Other rules about staking rewards eligibility can be defined in future proposals, such as:

  • Delegates could be eligible for a portion of the staking rewards based on how much voting power is delegated to them. This would ensure Active Delegates get paid for participating in governance.
  • Token Holders could only be eligible for rewards if they are delegating to an Active Delegate. This proposal does not consider the definition of active delegate but the feature is available in the Staking contract, therefore it can be turned on in the future if Governance defines and approves it.

Incentive

There is no cost to implementing this proposal. The development part has been part of a previous agreement with the Obol Association when designing the Governance launch. The cost associated with this proposal is the 0.33% of the supply for Staking rewards for the first 6 months. Any additional incentives past the first 6 months would be subject to governance.

Action Plan

  • Feb 23 - March 5th: Post proposal on forum for feedback, get approval from 4 top-100 delegates
  • March 6th-12th: Submit proposal on Tally for onchain voting
  • March 20th: Complete audit and share documentation of the Liquid Staking Token contracts
  • OBOL Token Unlock: Launch Staking platform on Tally

Conclusion

This proposal introduces OBOL Staking to enhance governance participation, protocol security, and utility for the OBOL token. By allowing Token Holders to stake OBOL and earn rewards while maintaining governance power via stOBOL, we eliminate the tradeoff between governance participation and financial utility.

We seek approval from the Obol community and delegates to implement this staking module. Your support will enable us to activate staking, launch the module, and unlock new opportunities for OBOL Token Holders. We encourage all members to review, provide feedback, and vote for this proposal to strengthen the long-term resilience of the Obol Collective.

Disclaimer

This proposal should not be relied on as legal, tax, or investment advice. Any projections included here are based on our best estimates and presented for informational purposes only.

13 Likes

I collected some thoughts of risks and unclear outcome about this topic, would love to get some feedback!

  1. Staking probably lowers the willingness of token holders in providing liquidity on markets.
    • This could cause higher volatility, which in contrast could lower the trust in the token and the project.
    • One could argue, stOBOL would also bring additional liquidity to defi/cefi, but on LST markets, not native token spot markets. It would split the market into native and LST, maybe even LRST.
  2. It adds more complexity to users. I understand more use cases will drive demand.
  3. Staking introduces inflation, which in theory results in lower prices. The simple approach to calculating an outcome would be a net-zero for stakers and a loss for non-stakers (e.g. liquidity providers). More complex models/forecasts for the outcome of this are highly speculative.
  4. Paying delegates could attract and benefit marketing entities rather than topic savvy individuals, making voting more random on complex subjects.
  5. Would stakers delegate their OBOL tokens to just any delegate or do proper research?
  6. The staking APR seems random - why 1 % of max supply?
    • What happens when supply empties up to pay staking rewards?
  7. How much will it cost to implement this?
  8. Who’s implementing this?

I’m unsure what benefits stOBOL would bring to Obol (the project) itself, its goals. Unanswered questions by this proposal about cost and implementer made me skeptical.
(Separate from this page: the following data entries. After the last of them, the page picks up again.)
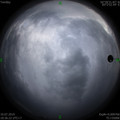 1562758440.jpg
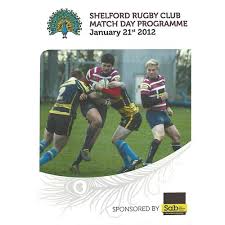Image result for Dings Crusaders Rugby Football Club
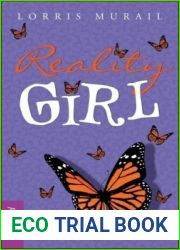 Reality Girl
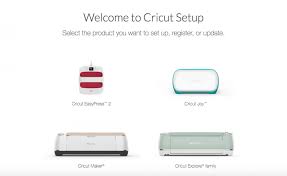 Download and install design space for desktop (help article). Cricut Joy 101 Step By Step Unboxing And Setup Happily Ever After Etc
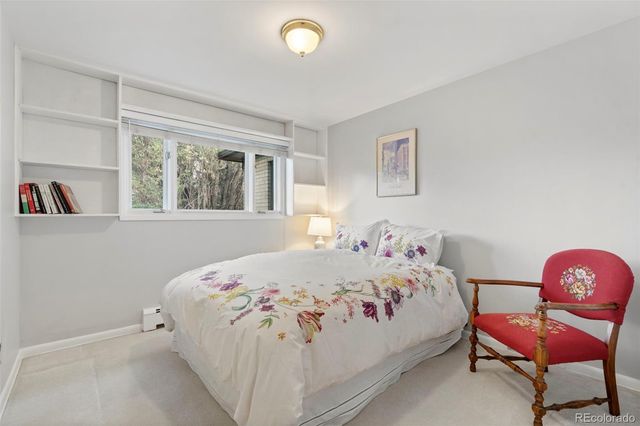 885 Everett Street, Lakewood, CO 80215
I’m not decided on this issue; I would love to read more insights and opinions.

5 Likes

I noticed that it is unclear whether Token Holders must delegate in order to receive rewards or not.

In the motivation section (a), one key point is:

but later in (c) it doesn’t mentions anything about delegation:

and in the specification section neither:

but then in the staking reward section it does:

I agree that in the future, the Obol Collective must discuss the definition of “active delegate” in the meantime I believe that delegating OBOL should be part of the requirements to stake and receive rewards if we want to empower participation in the governance from most of the stakeholders.
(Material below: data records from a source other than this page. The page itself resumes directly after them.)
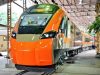 Amritsar-Katra Vande Bharat to run on shorter route, travel time reduced by 40 minutes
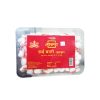 Patanjali AASTHA COTTON WICKS KUMKUM 25 G 2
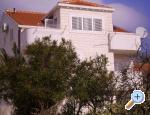 Marina Apartments apartments Croatia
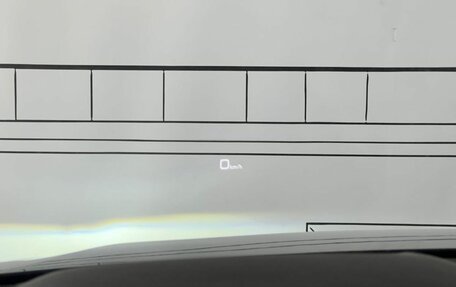 Audi Q7, 2020 год, 7 800 000 рублей, 17 фотография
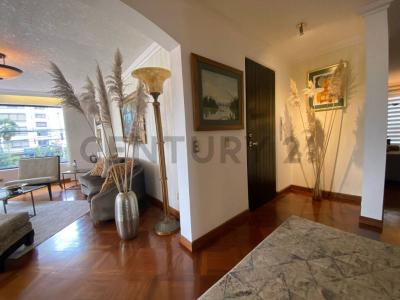 GONZALEZ SUAREZ - N30-66 n30-66, Quito, Pichincha 00001, Ecuador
I also have the same questions from @stefa2k:

and also:

  • Who is auditing the LST token contracts?

If delegation is a requirement to stake OBOL I’d like to approve this proposal to move to the voting process.

3 Likes

Thank you for the proposal. I’ll start saying that I echo the concerns shared above by @stefa2k and @Ariiellus. I’m afraid these proposals sound very sweet to holders, but we need to be extremely careful of falling to hidden/unwanted perverse incentives.

Let’s start dividing this into the two main issues that IMO are critical to consider this proposal:

  1. stOBOL as another token for the Collective
  2. The cost and incentive design of this program

1. stOBOL as another token for the Collective

The main argument for stOBOL is the ability to deposit tokens in DeFi contracts while the underlying voting power is still being utilized. I can get behind the rationale, but we must admit it introduces additional complexity for the users—there’s plenty of projects that have solved of their apathy issues with less complex, and more optimized solutions.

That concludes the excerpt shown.